The majority of the criticism of both the previous fee structure and a proposed new one lies in the fact that, no matter the monetary cost, unmitigated Tribunal fees will undoubtedly prevent some employees from accessing justice.

The solution, then, may be an accessible fee-waiver system which allows for financial hardship support.

Clearly in order to ensure that this does not provide a bar to low-income individuals, the Government will again have to consider:

  1. A fee exemption and/or remission scheme which employs means testing and a consideration as to when payment may be made and how.
  2. There may be further consideration given to their working status of the claimant at the point the claim is issued, as a claimant issuing a claim whilst still employed may be more likely to have the means to fund such costs as opposed to if they have already lost their livelihood at that time.
  3. The issue of the recoverability of such costs.

Could the Tribunal system benefit?

Provided any fee structure did not deter genuine cases, such a reduction in Tribunal cases may not be entirely bad.

The imposition of Tribunal fees may deter the genuinely flawed claims which are sometimes run in a system which has limited adverse costs implications, and a in particular a reduction in “nuisance value” claims.

Further, the acceptance of fees may allow the Employment Tribunal system to generate some funds in order to support and maintain it going forward, and thereby reduce the burden on the state, and we might hope fund some improvements and provide much needed resources – of course the latter remains to be seen.

How can the legal profession help?

Employment law providers may need to tread carefully as the consultation progresses and be ready to advise on the viability of cases from those considering cost as a major factor in whether to pursue a case.

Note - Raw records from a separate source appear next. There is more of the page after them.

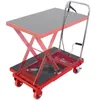A red hydraulic scissor lift table with a gray platform is shown against a white background. Voir les images du produit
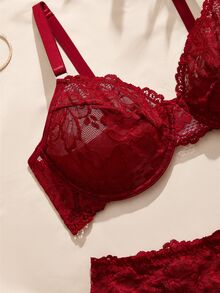 Charlaine Plus Size Elegant Solid Color Lace Lingerie Set - Burgundy - View 3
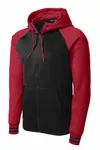 Sport-Tek Sport-Wick Varsity Fleece Full-Zip Hooded Jacket. ST236 Nero/ Rosso intenso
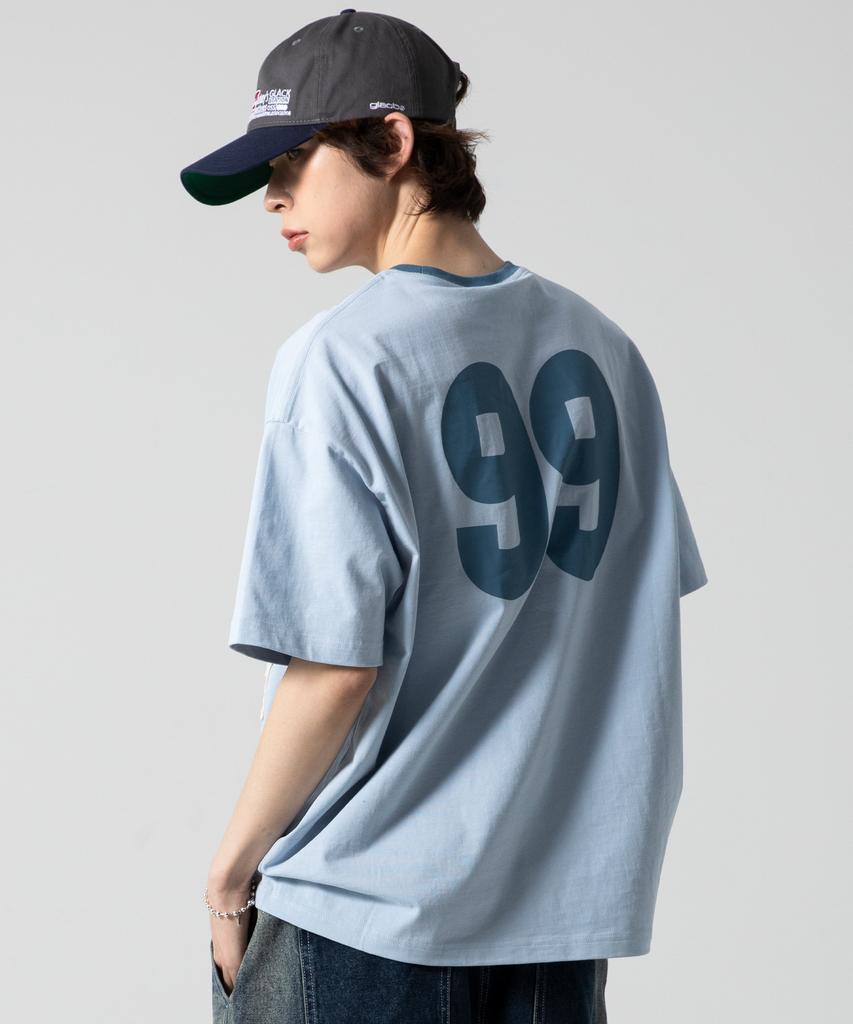 GLACK Gt124 Numbering Star Applique T-Shirt (Blue)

We may see our work change in a number of ways should fees of any amount come into play, such as:

  1. A reduction in the Employment Tribunal Litigation.
  2. An upturn in preliminary advice as people seek to understand their position better before committing to spending.
  3. Delays in new claims being issued and a series of satellite litigation around any fees/remissions/exemptions as the system seeks to get to grips with the new measures.
  4. A change in tactics by respondents, as there was before, where in some cases they sit tight at early stages to see whether a claimant will really “put their money where their mouth is” before fully engaging with the process.

It is clear that there will certainly be a perception of vulnerability for those in the low paid roles with the imposition of fees, and it is easy to see how and why that will arise.

However, whether that will be borne out in practice will remain to be seen and it will depend on the exact level and nature of any new fee structure, any measures put into place for those on low incomes, and exactly how fees are implemented.